Monsieur le président, madame la ministre, monsieur le secrétaire d'État, mes chers collègues, la représentation nationale est aujourd'hui appelée à examiner les crédits de la mission « Outre-mer ». C'est une tâche plus que délicate compte tenu des modifications de périmètre, des redéploiements de crédits entre actions, sans parler de l'étrange ballet des chiffres – plus 3 % d'un côté, moins 6,8 % de l'autre – auxquels se livrent le secrétariat d'État chargé de l'outre-mer et le ministère du budget, des comptes publics et de la fonction publique. Le moins que l'on puisse dire est que l'étrange opacité qui en résulte suscite l'interrogation, voire la suspicion.
Comme l'indique la présentation du secrétariat d'État, ce projet de budget traduit les priorités du Président de la République et du Gouvernement. Il faudrait être aveugle pour ne pas voir qu'il exprime – hélas ! – une nouvelle philosophie gouvernementale à l'égard de l'outre-mer : il ne s'agit plus, comme l'indique une récente note ministérielle, d'un quelconque rattrapage avec la métropole. Ainsi, à l'espoir un instant suscité par l'annonce d'une nouvelle loi de programme pour l'outre-mer – qui n'en aura peut-être, pardonnez-moi de le dire, que le nom – succède la dure réalité budgétaire.
En effet, comment pouvez-vous prétendre résoudre le problème de l'emploi alors que l'action publique reste passive, se contentant de mesures destinées aux entreprises et dont les indicateurs de performance eux-mêmes mettent en doute l'efficacité ?
Comment pouvez-vous affirmer la continuité territoriale alors que les crédits qui y sont alloués sont dérisoires au regard des besoins et que l'effort financier consenti par l'État pour atteindre cet impératif de solidarité nationale est, par habitant, soixante fois moins élevé à la Réunion qu'en Corse ?
Comment pouvez-vous affirmer prendre à bras-le-corps la question du logement social en vous glorifiant d'une augmentation de 25 millions d'euros en crédits de paiement alors que les services ministériels eux-mêmes estiment à quelque 500 millions le stock des dettes antérieures de l'État en la matière ? Nous sommes, dans ce domaine plus qu'ailleurs, face à un défi considérable : sur la seule île de la Réunion, ce sont près de 6 000 logements sociaux par an, pendant vingt ans, qu'il faudrait construire pour faire face à la croissance démographique et aux besoins de la population. Or, chaque année, nous en livrons péniblement le tiers. Ce que nous sommes en droit d'attendre de l'État, c'est un effort colossal, à la hauteur du défi à relever.

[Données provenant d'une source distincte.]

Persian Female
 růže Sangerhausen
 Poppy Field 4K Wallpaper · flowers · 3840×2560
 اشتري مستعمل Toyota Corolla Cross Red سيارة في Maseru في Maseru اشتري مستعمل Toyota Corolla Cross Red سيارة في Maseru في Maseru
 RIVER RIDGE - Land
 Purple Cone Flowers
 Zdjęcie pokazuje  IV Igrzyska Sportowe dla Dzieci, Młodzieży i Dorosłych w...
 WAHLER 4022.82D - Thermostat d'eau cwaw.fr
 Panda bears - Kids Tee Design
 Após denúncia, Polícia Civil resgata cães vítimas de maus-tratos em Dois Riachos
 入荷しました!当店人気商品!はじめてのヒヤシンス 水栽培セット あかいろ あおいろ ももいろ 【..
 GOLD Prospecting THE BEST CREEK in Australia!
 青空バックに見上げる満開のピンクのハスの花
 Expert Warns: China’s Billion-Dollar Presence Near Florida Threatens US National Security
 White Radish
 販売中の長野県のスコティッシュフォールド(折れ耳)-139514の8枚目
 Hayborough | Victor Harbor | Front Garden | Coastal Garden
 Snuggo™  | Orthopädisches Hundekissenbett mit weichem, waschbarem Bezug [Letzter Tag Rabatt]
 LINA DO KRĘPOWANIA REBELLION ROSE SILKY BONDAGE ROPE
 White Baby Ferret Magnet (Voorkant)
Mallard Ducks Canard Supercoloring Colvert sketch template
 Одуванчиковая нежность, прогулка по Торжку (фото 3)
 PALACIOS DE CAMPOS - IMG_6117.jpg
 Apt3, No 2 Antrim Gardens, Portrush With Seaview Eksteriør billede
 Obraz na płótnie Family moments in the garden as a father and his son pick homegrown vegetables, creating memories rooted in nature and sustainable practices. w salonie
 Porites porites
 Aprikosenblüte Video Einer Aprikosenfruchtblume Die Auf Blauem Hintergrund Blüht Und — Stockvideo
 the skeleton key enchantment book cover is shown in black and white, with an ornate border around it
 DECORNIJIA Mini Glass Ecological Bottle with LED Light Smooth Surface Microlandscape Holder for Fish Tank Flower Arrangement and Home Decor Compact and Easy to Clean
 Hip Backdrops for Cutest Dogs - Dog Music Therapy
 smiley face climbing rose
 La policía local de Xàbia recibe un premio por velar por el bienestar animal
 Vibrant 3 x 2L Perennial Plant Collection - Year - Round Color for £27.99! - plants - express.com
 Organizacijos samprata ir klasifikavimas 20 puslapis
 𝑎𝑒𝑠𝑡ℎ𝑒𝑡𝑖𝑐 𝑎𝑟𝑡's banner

Un budget, monsieur le secrétaire d'État, est l'expression d'une volonté politique. Mais celui que vous nous présentez se contente, hélas ! de traduire en chiffres le discours gouvernemental actuel, un discours où il n'est question, à propos de l'outre-mer, que de franchises, de défiscalisations et d'exonérations. Ces outils économiques peuvent certes être utiles, mais ils ne sauraient être l'unique moyen d'action de l'État, car le risque est grand de voir celui-ci s'en remettre passivement au bon vouloir des investisseurs privés, auxquels il aurait transféré toutes les commandes. Si c'est le choix politique qui dicte l'action du Gouvernement, c'est tout le contraire d'une politique volontariste !
Chaque semaine, monsieur le secrétaire d'État, dans ma circonscription, ce n'est pas d'exonérations ni de zones franches que me parlent les Réunionnais, mais de leurs difficultés à trouver un emploi, à se loger. Ils me parlent surtout de l'augmentation vertigineuse des prix qui ampute gravement, chaque jour un peu plus, un pouvoir d'achat déjà très faible.
Voilà quelles sont les préoccupations essentielles de nos compatriotes d'outre-mer. C'est dire à quel point ce projet de budget se trompe de cible. Il ne tient compte ni des enjeux et des défis de l'outre-mer, ni des attentes et des besoins de sa population. Voilà pourquoi je ne le voterai pas. (Applaudissements sur les bancs du groupe socialiste, radical, citoyen et divers gauche et du groupe de la Gauche démocrate et républicaine.)